Scary picture, but scarily appropriate
http://collegemedia.files.wordpress.com/2012/05/screen-shot-2012-05-14-at-2-56-48-am.png?w=500&h=366

Throughout the first twenty-something-or-so years of our lives, we recent post-grads have identified as a "student," or, at best, a "student of (insert focus of study here)." It was easy. From kindergarten until the end of our years in higher education, our identity was inextricably linked to our education and what it was we wanted to do with that education. We were never plagued with the ominous question of "so, what do you do?" because it was self-explanatory: we went to class, we learned, we were working towards a degree. The majority of our life was consumed by academics to that point. No pressure, no worry about what it is we were going to do with that accumulation of knowledge, simply that we were immersed in it, and far too inundated with schoolwork to really broach any silly questions of the practical implications of our degrees and what that meant about us.
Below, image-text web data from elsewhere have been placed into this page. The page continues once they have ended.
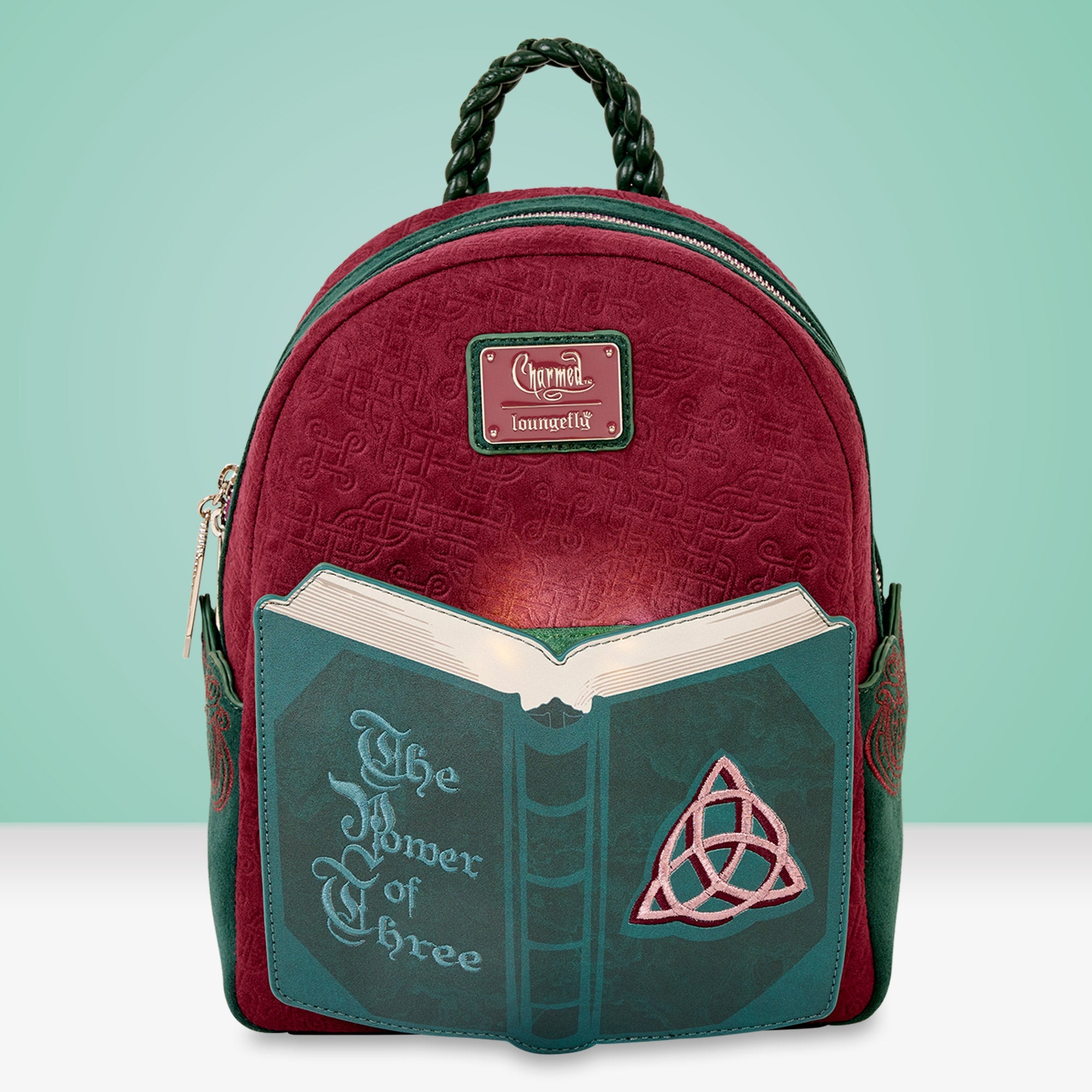 Loungefly x Charmed Power of Three Mini Backpack - GeekCore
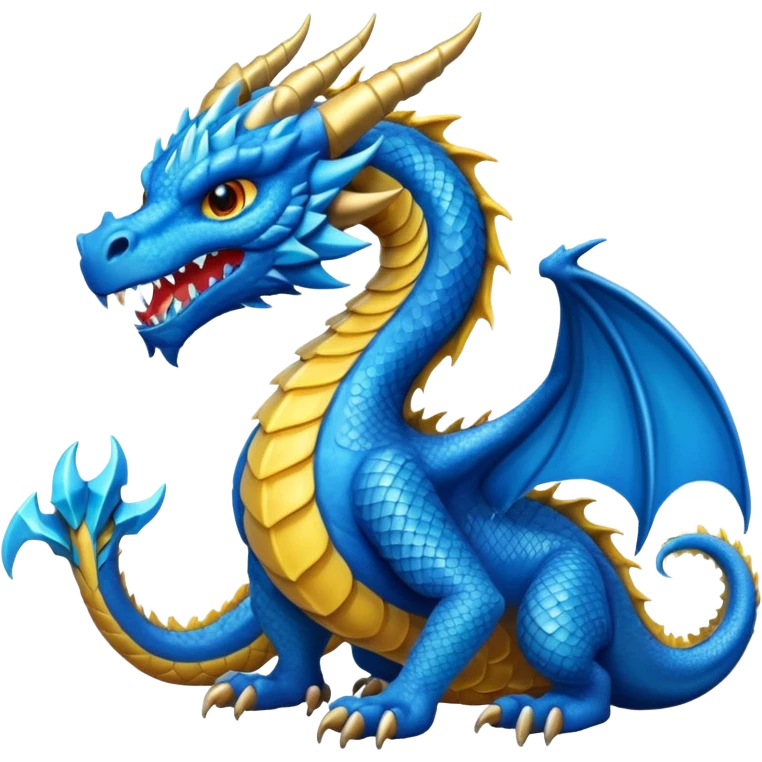 Ejderha blue emoji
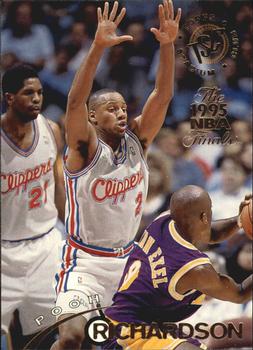 1994-95 Stadium Club - Super Teams NBA Finals #317 Pooh Richardson Front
But when the tassel inevitably moves to the other side of your mortarboard and your degree is hanging up on your wall in the same room you grew up in (and will now, again be living in), people are no longer satisfied with an answer filled with potentially lofty-goals or innocent dreams. The first thing they ask is: "what do you do" and, by golly, you better have a good answer.

We have abandoned the security blanket of answering with "I'm a student," and forced to identify ourselves in terms of our current job. While answering as a student may have allowed you to be associated with all sorts of grand aspirations, answering "what do you do" with your current entry-level job leaves much to be desired. Instead of being able to cling to the things I love to do and want to do when coupled with my academic path, I have to identify with the ugly reality that is: I work at an entry-level job, I don't get to do all of the things I love to do (nor pursue any of my interests) and I am more interesting than my job lets on. (I swear!) 

And yet, when someone asks me what I do, that's the starting point. The conversation builds upon what it is that I do and if first impressions are important, then what sort of impression am I making in the first five minutes of conversation by having to identify with a job I really can't identify with?

Such a simple question, and yet, I can never answer the same way twice. I immediately find myself trying to explain it in the simplest terms and then adding a precusory, "Oh, I know, it's boring" in an attempt to separate who I am from my job. I don't want my answer, or more specifically, my job (at this early point in my career), to equate to who I am, what I care about, and what I want to do with my life. For those who know me, it's obvious that there is far more to me than the office job and cubicle I frequent 40-hours a week. But I just cannot escape the question and the inevitable bridge it forms to who I am. I may spend five days a week in my cubicle, but who I am is not what I do, certainly not in my current position. I might be working towards a better job or career path that would be more cohesive with my personality and my values, but I'm just not there yet and it's sometimes defeating when that is one of the first questions that I'm asked in order to help a new acquaintance assemble my identity.

I recognize this is something that is going to happen regardless of whether or not I cause a fuss about the question, ignore it, or create some public service announcement about the emotionally damaging side effects of being asked this question a few years post-grad. What can I do about it? Not much. But in the mean time, I'm trying to make it a point to steer conversations more towards those aspirations and goals I have. I still got 'em, folks, despite being the jaded working girl that I am these days, and I am going to make them happen.